I know, I know. Late in the game but...
How many of my peeps out there have been watching
The National Parks: America's Best Idea over on PBS?
Let me tell you something: It's things like this that make me sooooooo happy that my parents/brother went half-sies with me on a new T.V. for my birthday because I can't imagine seeing such gorgeous images on my old set (which to be fair was 16 years-old).
See, I totally forgot it was on this week, which is amazing when you think about it since the
Boston Globe has been running a
National Parks photo contest with filmmaker
Ken Burns himself picking the winners.
In any case, I accidentally stumbled across it Wednesday while I was flipping through the channels and landed on
WGBH Channel 2 just when that installment of the National Parks documentary started. I was totally and completely sucked in by the pretty, not to mention the history. (Have I mentioned that Ken Burns documentaries are like totally crack? Because they are. He's worse than
Frontline,
Nova, and
American Experience combined.)
Last night I had a mouth full of ache after my final (and worst) dentist visit in my campaign to fix my damn mouth. I decided I needed comfort television, which meant I turned on the tube for
Project Runway and...well...see, I had left my teevee on Channel 2 from my previous night's viewing of the Burns documentary and I had turned it on just as the latest episode of "National Parks" started and...and...
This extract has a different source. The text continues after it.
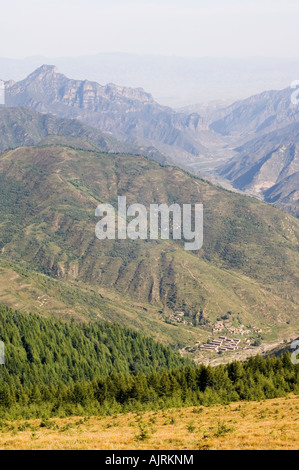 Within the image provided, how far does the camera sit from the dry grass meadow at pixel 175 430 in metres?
40.5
DAMN YOU KEN BURNS! DAMN YOU!
The series is totally
awesome, educational, and did I mention...PRETTY PICTURES!
By the way, did you know that We the People own 391 national parks? I did not know that. I thought the number was smaller.
Here's where you can read more about the different kinds of National Parks.
And there's always
the National Parks Web site itself if you really want more information about the national parks in your back yard. (I just checked Massachusetts and...hey, there's a few in my state that I didn't even know about.)
PBS hasn't started streaming the series through Netflix yet, but you can watch the entire series online
via the PBS Web site.
As an illustration of just some of the pretty, I leave you with a photo from
Acadia National Park in Maine, because as it turns out
I own this. But know what? If you're an American citizen, you own it, too.
It's kind of nice to be reminded, isn't it?